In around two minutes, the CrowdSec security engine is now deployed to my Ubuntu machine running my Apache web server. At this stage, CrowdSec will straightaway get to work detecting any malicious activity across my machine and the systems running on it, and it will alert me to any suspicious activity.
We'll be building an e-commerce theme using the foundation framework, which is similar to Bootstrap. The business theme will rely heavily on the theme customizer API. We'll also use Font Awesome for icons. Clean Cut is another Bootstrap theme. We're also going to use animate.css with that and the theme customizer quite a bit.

--

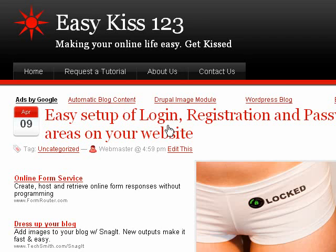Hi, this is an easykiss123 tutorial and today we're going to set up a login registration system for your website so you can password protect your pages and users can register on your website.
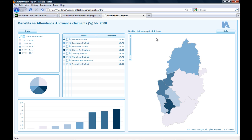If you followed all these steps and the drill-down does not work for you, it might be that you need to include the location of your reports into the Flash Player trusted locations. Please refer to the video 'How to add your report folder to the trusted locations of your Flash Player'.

* * *

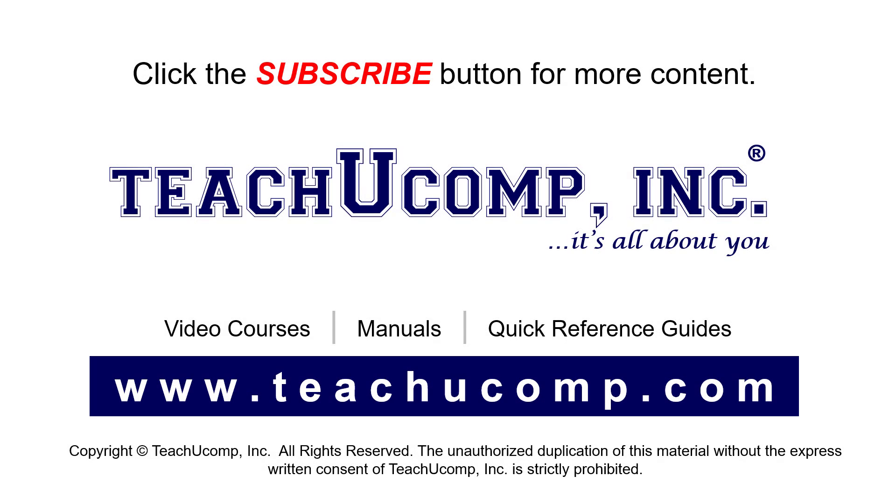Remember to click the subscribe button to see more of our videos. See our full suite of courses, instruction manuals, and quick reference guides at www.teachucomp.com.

=== Prompt ===
Copy only what runs above from the line containing "Hi, this is" through the line containing "If you followed", exactly. Leave out the pictures.

=== The completed task ===
Hi, this is an easykiss123 tutorial and today we're going to set up a login registration system for your website so you can password protect your pages and users can register on your website.
If you followed all these steps and the drill-down does not work for you, it might be that you need to include the location of your reports into the Flash Player trusted locations. Please refer to the video 'How to add your report folder to the trusted locations of your Flash Player'.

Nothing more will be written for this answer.